In certain situations, you may need to have a deep look at the result of some process (deep as in at the DB level); one such situation is when you perform a mass update of data and verifying all went correctly would be relatively easy by diffing the before/after states, then splitting the removals/additions and doing some matching from one group to the other. Not all cases fall under this description, but when they do it's best to have some tooling to avoid spending lots of time and risking human error. Let's take a look at the script I wrote for that very purpose.
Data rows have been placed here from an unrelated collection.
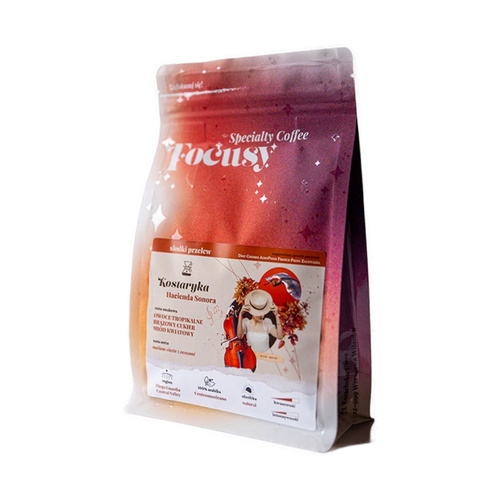 Kawa ziarnista Focusy KOSTARYKA Hacienda Sonora - słodki przelew 250g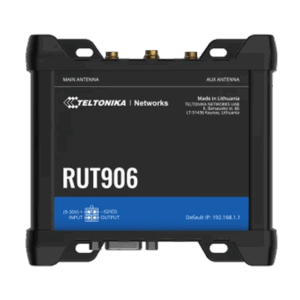 Teltonika Router 4G Industrial - 4 puertos Ethernet RJ45 Fast Ethernet - Dual SIM 4G (LTE) Cat 4 hasta 150Mbps - 3x Entrada + 3x Salida Digital + RS232 + RS485 - Wi-Fi 802.11b/g/n 2.4GHz - Posicionamiento GNSS
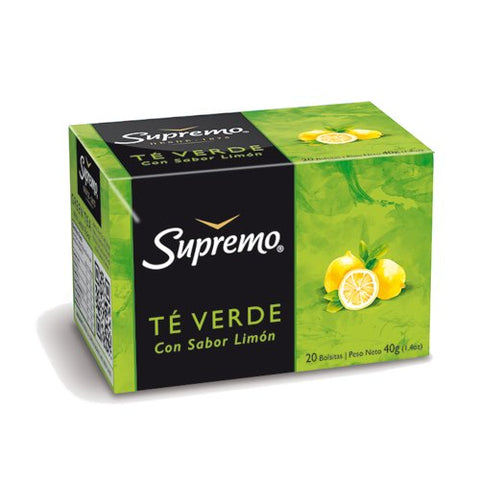 SUPREMO GREEN TEA 1.4OZ - LEMON - Uplift Things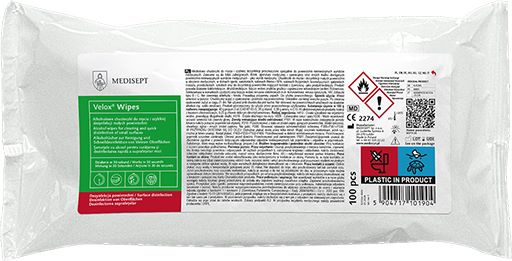 VELOX WIPES fogászati alkoholos fertőtlenítő kendő 100db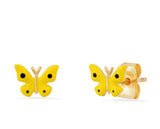 Enamel Butterfly Studs (More Colors)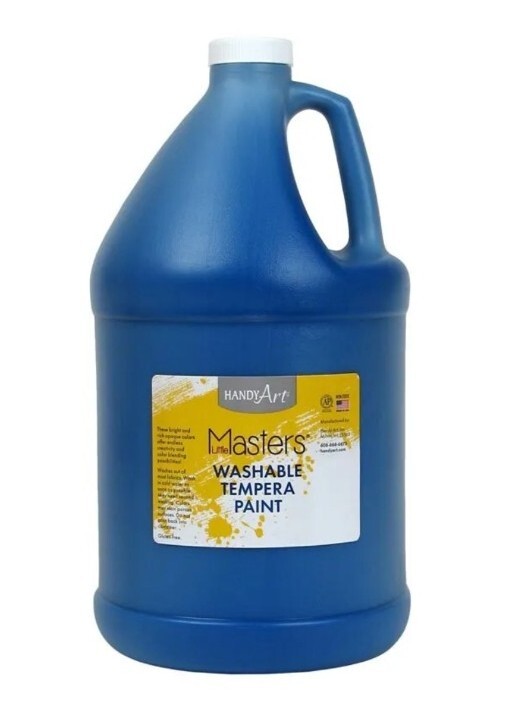 Handy Art Little Masters Washable Tempera Paint 1/2 gallon Blue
Let's go straight into the script (let's call it db-dumper-per-table.sh):

#!/bin/bash

#
# Usage: script.sh /path/to/output/dir DBname
#                                     ^ (no trailing slash!)
#
# DBName is used for DBUser and DBPass, host is localhost.
#

# Uncomment for debugging
#set -x

#
# Usage: dumptables --data=[yes|no] table1 table2 ... tableN
#
function dumptables {
  if [[ $1 == "--data=yes" ]]
  then
    DATAFLAG=""
    DUMPMSG="full table"
  else
    DATAFLAG="--no-data"
    DUMPMSG="structure for table"
  fi

  # Remove data setting from list of tables
  shift

  # Export one table at a time, in a separate file.
  # The last three flags are the ones producing a dump that is diff-friendly.
  for arg in $@; do
    DUMPFILE=${args[0]}/$arg.sql
    echo "Dumping $DUMPMSG $arg into file $DUMPFILE"
    mysqldump --user=${args[1]} --password=${args[1]} ${args[1]} $DATAFLAG --order-by-primary --skip-extended-insert --skip-comments $arg > $DUMPFILE
  done
}

args=("$@")

echo "=================================================="
echo "Output dir: $1"
echo "Ensuring the output dir exists..."
mkdir -p $1
echo "DBName: $2"
echo ""

# Exclude caches from full dump (-v flag for grep)
FULLTABLES=$(echo "USE $2; SHOW TABLES;" | mysql -u$2 -p$2 $2 | tail -n +2 | grep -v "^cache" | sort)
echo "$FULLTABLES" > $1/tables-list.txt
dumptables --data=yes $FULLTABLES

# Only dump structure for caches
STRUCTURETABLES=$(echo "USE $2; SHOW TABLES;" | mysql -u$2 -p$2 $2 | tail -n +2 | grep "^cache" | sort)
echo "$STRUCTURETABLES" >> $1/tables-list.txt
dumptables --data=no $STRUCTURETABLES

The process is very straightforward: a small function performs the heavy lifting and allows choosing a full-dump of a table or just dumping the structure (useful for caches, which will just pollute your diff with meaningless garbage if you export the cache contents); that function is invoked from code that will get the full list of tables for the chosen DB and pick the desired ones via grep. As a nice extra you'll get a tables-list.txt file that will let you know which tables were removed/added between the two states, pretty useful!.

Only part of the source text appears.